Al-Akhbar écrit que c’était la personne même de Saad Hariri qui a envoyé un chauffeur chercher l’ancien ministre Bahige Tabbara avec qui il a ensuite parlé pendant une heure et demie.

« Hariri a demandé à Tabbara d’aller à la rencontre du président du Parlement, Nabih Berri, de l’assistant du secrétaire général du Hezbollah, Hossein al-Khalil, et du ministre des Finances, Ali Hassan Khalil (proche de Berri). Hariri a même confié à Tabbara une liste de ses ministres favoris. Tabbara a aussi rencontré le ministre des Affaires étrangères, Gebran Bassil. Lorsque Saad Hariri s’est aperçu que le choix de l’Alliance du 8 Mars se portait plutôt sur Bahige Tabbara et pas sur lui, le Premier ministre démissionnaire a commencé à faire obstacle à la création du nouveau gouvernement. », souligne al-Akhbar.

Plus tôt vendredi 22 novembre, l’ambassadeur de Russie au Liban, Alexander Zasypkine, avait dénoncé « le rôle perturbateur joué par les États-Unis au Liban ».

« Ce que nous voyons au Liban aujourd’hui, c’est le rôle subversif des États-Unis dans ce pays et rien d’autre », a déclaré M. Zasypkine, cité par le journal en ligne Elnashra.

« Il y a des puissances étrangères qui veulent profiter des manifestations en cours au Liban pour mettre en œuvre leurs objectifs », a estimé l’ambassadeur.

Ces déclarations constituent fort probablement une réaction aux dires de l’ancien ambassadeur américain au Liban, Jeffrey Feltman, lequel avait prétendu le 20 novembre que « la Russie pourrait faciliter la restauration de l’hégémonie syrienne sur le Liban, au moment où le pays du Cèdre connaît un mouvement de contestation populaire inédite contre le pouvoir politique accusé de corruption ».  

Cité par le journal L’Orient le Jour, l’ancien ambassadeur américain au Liban, Jeffrey Feltman, qui a également occupé de hauts postes au sein de la diplomatie US et de l’ONU et qui est actuellement expert invité au centre Brookings, a aussi affirmé : « Les manifestations actuelles au Liban ne sont pas à propos des États-Unis et nous devons éviter tout ce qui peut détourner l’attention vers les États-Unis.
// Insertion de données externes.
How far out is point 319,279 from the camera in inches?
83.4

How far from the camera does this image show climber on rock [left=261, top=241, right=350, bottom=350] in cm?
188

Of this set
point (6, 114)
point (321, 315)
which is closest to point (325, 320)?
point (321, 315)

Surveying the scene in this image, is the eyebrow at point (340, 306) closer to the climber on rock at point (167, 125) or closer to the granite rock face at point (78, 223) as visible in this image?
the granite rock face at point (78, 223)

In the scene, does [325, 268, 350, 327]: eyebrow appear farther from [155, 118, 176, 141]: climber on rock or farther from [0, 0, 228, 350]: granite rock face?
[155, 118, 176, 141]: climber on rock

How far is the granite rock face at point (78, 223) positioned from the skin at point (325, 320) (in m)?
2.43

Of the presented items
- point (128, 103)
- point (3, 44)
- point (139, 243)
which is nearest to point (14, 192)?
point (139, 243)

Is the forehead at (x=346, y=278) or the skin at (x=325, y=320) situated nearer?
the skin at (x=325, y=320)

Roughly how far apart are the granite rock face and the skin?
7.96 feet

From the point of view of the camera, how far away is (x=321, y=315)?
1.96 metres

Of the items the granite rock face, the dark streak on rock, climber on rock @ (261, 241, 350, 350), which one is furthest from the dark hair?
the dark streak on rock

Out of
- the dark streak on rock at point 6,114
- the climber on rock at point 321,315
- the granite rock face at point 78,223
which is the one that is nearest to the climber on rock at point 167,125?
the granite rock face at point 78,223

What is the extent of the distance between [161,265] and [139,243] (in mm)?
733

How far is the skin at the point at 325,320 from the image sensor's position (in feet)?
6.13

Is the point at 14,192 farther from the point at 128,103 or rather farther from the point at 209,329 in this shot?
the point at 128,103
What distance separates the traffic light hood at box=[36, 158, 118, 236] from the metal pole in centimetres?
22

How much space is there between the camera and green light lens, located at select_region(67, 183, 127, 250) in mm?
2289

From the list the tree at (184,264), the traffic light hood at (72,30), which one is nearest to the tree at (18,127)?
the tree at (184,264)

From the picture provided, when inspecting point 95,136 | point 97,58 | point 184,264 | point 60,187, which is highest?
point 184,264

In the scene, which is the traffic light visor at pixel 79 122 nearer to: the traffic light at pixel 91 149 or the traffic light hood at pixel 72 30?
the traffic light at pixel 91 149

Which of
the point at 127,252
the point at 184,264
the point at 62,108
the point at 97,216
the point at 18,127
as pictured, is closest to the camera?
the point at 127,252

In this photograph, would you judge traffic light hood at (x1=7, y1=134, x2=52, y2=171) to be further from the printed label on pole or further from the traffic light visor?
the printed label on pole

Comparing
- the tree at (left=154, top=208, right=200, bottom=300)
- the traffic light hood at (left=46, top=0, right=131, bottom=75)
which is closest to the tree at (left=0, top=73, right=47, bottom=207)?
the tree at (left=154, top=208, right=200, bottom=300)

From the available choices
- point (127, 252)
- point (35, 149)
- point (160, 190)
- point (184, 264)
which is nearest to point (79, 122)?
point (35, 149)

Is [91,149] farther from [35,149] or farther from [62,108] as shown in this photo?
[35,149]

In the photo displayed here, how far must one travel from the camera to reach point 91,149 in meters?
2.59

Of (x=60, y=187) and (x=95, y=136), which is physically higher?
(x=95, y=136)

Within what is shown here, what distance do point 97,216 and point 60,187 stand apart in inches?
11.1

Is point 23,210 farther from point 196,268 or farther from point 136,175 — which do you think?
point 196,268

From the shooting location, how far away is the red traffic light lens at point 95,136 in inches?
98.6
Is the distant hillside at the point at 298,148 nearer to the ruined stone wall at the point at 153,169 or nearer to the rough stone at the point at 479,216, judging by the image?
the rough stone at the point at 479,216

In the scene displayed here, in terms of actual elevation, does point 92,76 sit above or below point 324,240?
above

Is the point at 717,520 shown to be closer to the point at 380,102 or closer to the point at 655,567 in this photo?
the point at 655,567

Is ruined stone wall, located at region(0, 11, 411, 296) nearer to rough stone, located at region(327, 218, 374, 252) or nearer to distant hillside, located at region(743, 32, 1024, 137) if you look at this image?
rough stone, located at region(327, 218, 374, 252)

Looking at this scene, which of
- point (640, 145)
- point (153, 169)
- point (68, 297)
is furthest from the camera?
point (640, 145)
Mais le résultat de ces manifestations pourrait affecter les intérêts américains positivement ou négativement. »

Feltman a prétendu que la Russie « pourrait être ravie de faciliter la restauration de l’hégémonie syrienne sur son petit voisin [le Liban], surtout en tant que couverture pour ses propres objectifs au Liban ».

Les déclarations américaines interviennent alors que le Hezbollah a dénoncé l’attitude des ambassades des pays occidentaux de vouloir confisquer le mouvement de contestation et de renverser le pouvoir.
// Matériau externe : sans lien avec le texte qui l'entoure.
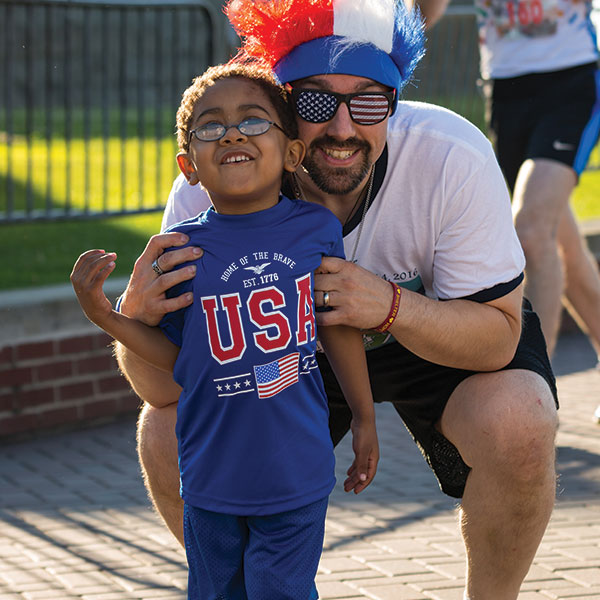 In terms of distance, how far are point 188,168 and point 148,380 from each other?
1.99ft

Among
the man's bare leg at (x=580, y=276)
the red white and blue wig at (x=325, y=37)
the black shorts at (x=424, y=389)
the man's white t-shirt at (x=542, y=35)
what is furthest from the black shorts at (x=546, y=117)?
the red white and blue wig at (x=325, y=37)

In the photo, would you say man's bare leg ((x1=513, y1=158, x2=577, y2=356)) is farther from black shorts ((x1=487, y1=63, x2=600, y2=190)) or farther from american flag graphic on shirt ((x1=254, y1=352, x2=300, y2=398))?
american flag graphic on shirt ((x1=254, y1=352, x2=300, y2=398))

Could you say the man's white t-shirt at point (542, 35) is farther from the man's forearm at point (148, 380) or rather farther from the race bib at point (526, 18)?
the man's forearm at point (148, 380)

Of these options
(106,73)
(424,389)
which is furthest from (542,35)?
(424,389)

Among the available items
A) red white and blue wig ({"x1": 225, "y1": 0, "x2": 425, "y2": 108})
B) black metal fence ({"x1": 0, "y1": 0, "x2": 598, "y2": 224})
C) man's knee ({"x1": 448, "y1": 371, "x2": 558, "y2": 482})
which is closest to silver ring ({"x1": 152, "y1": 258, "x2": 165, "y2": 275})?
red white and blue wig ({"x1": 225, "y1": 0, "x2": 425, "y2": 108})

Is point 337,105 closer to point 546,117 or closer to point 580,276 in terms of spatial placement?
point 546,117

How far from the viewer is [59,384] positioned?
5.01 metres

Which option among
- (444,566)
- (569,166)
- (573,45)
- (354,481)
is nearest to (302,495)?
(354,481)

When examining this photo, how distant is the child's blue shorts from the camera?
8.84 ft

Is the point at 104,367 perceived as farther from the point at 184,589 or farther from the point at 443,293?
the point at 443,293

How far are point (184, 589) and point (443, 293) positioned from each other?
1139 millimetres

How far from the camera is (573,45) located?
536 centimetres

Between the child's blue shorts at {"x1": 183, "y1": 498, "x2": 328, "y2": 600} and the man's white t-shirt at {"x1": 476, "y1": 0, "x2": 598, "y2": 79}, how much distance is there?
10.5 feet

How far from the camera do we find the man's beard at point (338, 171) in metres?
3.00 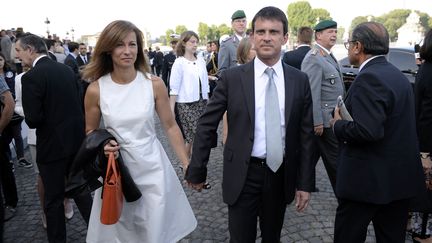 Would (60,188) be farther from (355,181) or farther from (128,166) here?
(355,181)

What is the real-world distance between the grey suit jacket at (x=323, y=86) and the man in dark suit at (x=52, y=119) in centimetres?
241

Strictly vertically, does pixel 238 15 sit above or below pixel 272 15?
above

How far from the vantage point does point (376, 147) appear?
7.98 ft

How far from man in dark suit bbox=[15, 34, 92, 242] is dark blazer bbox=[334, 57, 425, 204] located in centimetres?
232

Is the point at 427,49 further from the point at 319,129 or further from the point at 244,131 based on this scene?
the point at 244,131

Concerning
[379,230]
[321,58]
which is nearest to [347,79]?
[321,58]

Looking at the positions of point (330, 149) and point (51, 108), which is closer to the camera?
point (51, 108)

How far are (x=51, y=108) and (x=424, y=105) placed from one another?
10.6 feet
Dans ce contexte, un haut responsable du département d’État américain, David Hale, également ex-ambassadeur au Liban, a confirmé le 6 novembre que la Maison-Blanche avait gelé depuis l’été dernier son aide militaire au Liban.

Maintenant, certaines sources estiment probable que Washington offre de nouveau une aide à l’armée libanaise, à condition que cette dernière prenne ses distances avec le Hezbollah.